I see all these directions using p3droid's method to get the .901 update, but if I already have a stock rooted .893 can i just push the .901 update from the stock recovery and get .901 still rooted?


----------



## toshibitsu (Dec 21, 2011)

babari5 said:


> I see all these directions using p3droid's method to get the .901 update, but if I already have a stock rooted .893 can i just push the .901 update from the stock recovery and get .901 still rooted?


i tried myself and it wouldn't even install. gave some sort of asset error.


----------



## sniffs (Jan 5, 2012)

That's all I did.. I was stock rooted .893 and installed .901 in stock recovery and it worked fine.


----------



## babari5 (Jan 9, 2012)

sniffs said:


> That's all I did.. I was stock rooted .893 and installed .901 in stock recovery and it worked fine.


Did you keep root?


----------



## sniffs (Jan 5, 2012)

I ran 4ever root on .893 and it modified some system files and I was rooted on .893, updated to .901 and root stayed..

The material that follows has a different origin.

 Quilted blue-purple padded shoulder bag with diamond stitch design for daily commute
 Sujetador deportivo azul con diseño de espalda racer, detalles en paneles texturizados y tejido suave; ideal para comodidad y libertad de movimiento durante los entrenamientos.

4ever root is specifically designed to keep root through an OTA update unless Motorola fixes it.


----------



## Timmy10shoes (Jul 1, 2011)

You can check to make sure the forever root stuck by going to /system/bin and checking the mount_ext3 file. It should end with chmod 4755 /system/bin/su, chmod 4755 /system/xbin/su and chmod 4755 system/app/Superuser.apk. And if it doesn't add it yourself and your good to go.


----------